Breakpoint 3, 0x0804849b in ?? ()
Let’s disassemble the region using the same x/15i $eip command.
=> 0x804849b: lea ecx,[esp+0x4]
0x804849f: and esp,0xfffffff0
0x80484a2: push DWORD PTR [ecx-0x4]
0x80484a5: push ebp
0x80484a6: mov ebp,esp
0x80484a8: push ecx
0x80484a9: sub esp,0x14
0x80484ac: sub esp,0xc
0x80484af: push 0x0
0x80484b1: call 0x8048350 <time@plt>
0x80484b6: add esp,0x10
0x80484b9: sub esp,0xc
0x80484bc: push eax
0x80484bd: call 0x8048360 <srand@plt>
0x80484c2: add esp,0x10
Nice, we can see the main() prologue and the call to time() at 0x80484b1 and srand() at 0x80484bd. One nice trick is to define a hook-stop that will print the next 15 instruction from the program counter everytime a step is taken.
(gdb) define hook-stop
Type commands for definition of "hook-stop".

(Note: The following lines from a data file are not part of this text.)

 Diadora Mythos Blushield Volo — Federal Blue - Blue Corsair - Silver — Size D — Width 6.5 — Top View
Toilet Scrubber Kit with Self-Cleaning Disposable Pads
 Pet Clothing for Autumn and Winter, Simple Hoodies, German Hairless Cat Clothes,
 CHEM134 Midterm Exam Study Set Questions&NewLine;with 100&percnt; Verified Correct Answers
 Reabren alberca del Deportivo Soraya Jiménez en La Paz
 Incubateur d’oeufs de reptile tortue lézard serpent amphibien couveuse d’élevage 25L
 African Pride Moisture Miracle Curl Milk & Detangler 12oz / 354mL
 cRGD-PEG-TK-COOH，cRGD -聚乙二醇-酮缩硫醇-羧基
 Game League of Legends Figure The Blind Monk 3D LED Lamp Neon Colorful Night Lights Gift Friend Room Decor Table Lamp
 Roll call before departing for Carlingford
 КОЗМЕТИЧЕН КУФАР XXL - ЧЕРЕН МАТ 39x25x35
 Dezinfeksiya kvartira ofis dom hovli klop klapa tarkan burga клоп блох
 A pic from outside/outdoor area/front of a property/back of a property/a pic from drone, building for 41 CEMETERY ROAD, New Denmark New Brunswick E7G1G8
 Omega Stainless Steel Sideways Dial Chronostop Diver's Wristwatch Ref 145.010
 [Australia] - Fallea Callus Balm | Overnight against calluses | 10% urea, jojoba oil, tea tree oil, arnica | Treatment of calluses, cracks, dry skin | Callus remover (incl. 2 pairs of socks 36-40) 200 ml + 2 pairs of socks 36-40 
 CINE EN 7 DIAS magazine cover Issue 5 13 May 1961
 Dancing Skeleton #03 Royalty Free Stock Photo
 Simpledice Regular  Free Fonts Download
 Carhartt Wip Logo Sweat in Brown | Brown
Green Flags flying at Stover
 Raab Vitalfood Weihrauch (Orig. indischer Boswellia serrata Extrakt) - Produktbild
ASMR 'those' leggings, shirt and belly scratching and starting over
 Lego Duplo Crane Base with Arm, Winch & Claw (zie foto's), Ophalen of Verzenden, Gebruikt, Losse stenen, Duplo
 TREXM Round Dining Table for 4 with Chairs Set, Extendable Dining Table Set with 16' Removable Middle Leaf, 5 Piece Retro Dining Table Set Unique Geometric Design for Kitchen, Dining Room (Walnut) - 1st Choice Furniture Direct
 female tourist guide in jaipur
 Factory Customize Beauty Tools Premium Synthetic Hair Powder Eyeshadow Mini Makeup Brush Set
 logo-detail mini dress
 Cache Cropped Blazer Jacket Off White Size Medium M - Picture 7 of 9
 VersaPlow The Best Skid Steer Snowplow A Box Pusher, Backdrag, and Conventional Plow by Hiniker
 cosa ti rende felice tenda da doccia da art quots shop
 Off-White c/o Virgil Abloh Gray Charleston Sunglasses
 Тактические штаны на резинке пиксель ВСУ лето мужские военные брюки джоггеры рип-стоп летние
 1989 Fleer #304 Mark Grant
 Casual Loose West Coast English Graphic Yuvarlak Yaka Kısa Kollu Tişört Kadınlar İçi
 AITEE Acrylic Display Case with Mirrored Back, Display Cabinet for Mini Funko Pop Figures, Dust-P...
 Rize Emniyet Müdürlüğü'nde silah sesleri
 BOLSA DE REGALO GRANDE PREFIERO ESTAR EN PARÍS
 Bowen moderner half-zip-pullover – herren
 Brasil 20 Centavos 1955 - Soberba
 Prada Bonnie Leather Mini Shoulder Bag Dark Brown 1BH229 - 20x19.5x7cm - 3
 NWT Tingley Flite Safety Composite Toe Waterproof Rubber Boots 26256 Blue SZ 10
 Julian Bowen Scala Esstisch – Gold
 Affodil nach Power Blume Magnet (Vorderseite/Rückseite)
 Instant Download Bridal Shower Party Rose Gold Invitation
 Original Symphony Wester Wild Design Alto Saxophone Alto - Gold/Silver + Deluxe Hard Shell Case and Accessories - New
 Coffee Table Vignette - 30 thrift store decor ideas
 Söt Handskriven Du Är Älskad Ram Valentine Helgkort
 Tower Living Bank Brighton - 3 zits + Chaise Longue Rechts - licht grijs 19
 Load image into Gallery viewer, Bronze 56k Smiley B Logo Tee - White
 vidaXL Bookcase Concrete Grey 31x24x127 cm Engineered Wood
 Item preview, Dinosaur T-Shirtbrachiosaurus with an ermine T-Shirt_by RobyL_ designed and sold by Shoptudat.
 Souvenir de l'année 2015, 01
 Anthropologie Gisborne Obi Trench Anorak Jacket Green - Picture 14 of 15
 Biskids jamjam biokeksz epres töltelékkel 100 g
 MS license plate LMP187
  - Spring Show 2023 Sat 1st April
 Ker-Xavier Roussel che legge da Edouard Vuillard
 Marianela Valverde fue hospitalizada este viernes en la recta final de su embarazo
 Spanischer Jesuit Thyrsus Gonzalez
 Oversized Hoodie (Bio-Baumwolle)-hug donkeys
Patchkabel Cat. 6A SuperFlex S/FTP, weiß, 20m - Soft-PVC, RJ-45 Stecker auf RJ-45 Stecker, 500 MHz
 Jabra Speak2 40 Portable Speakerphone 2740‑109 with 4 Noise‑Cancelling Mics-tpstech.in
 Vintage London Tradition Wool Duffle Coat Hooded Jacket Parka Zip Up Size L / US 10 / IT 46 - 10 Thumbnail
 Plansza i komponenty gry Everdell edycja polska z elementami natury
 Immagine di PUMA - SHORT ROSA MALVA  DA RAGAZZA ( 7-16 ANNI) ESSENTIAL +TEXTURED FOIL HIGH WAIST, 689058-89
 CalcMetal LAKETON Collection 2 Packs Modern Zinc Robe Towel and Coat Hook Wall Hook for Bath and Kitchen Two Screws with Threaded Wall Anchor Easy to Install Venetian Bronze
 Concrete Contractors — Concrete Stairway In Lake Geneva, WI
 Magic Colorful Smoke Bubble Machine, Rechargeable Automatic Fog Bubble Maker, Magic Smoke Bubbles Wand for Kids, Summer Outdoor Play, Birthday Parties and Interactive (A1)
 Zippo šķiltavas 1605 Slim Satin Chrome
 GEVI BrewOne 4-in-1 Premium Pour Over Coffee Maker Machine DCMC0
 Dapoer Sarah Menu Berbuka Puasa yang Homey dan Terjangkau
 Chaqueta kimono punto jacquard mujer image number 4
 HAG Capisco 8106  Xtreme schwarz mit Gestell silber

End with a line saying just "end".
>x/15i $eip
>end
(gdb) ni
=> 0x804849f: and esp,0xfffffff0
0x80484a2: push DWORD PTR [ecx-0x4]
0x80484a5: push ebp
0x80484a6: mov ebp,esp
0x80484a8: push ecx
0x80484a9: sub esp,0x14
0x80484ac: sub esp,0xc
0x80484af: push 0x0
0x80484b1: call 0x8048350 <time@plt>
0x80484b6: add esp,0x10
0x80484b9: sub esp,0xc
0x80484bc: push eax
0x80484bd: call 0x8048360 <srand@plt>
0x80484c2: add esp,0x10
0x80484c5: call 0x8048380 <rand@plt>
0x0804849f in ?? ()
(gdb) ni
=> 0x80484a2: push DWORD PTR [ecx-0x4]
0x80484a5: push ebp
0x80484a6: mov ebp,esp
0x80484a8: push ecx
0x80484a9: sub esp,0x14
0x80484ac: sub esp,0xc
0x80484af: push 0x0
0x80484b1: call 0x8048350 <time@plt>
0x80484b6: add esp,0x10
0x80484b9: sub esp,0xc
0x80484bc: push eax
0x80484bd: call 0x8048360 <srand@plt>
0x80484c2: add esp,0x10
0x80484c5: call 0x8048380 <rand@plt>
0x80484ca: mov DWORD PTR [ebp-0xc],eax
0x080484a2 in ?? ()
We just disassembled a stripped binary!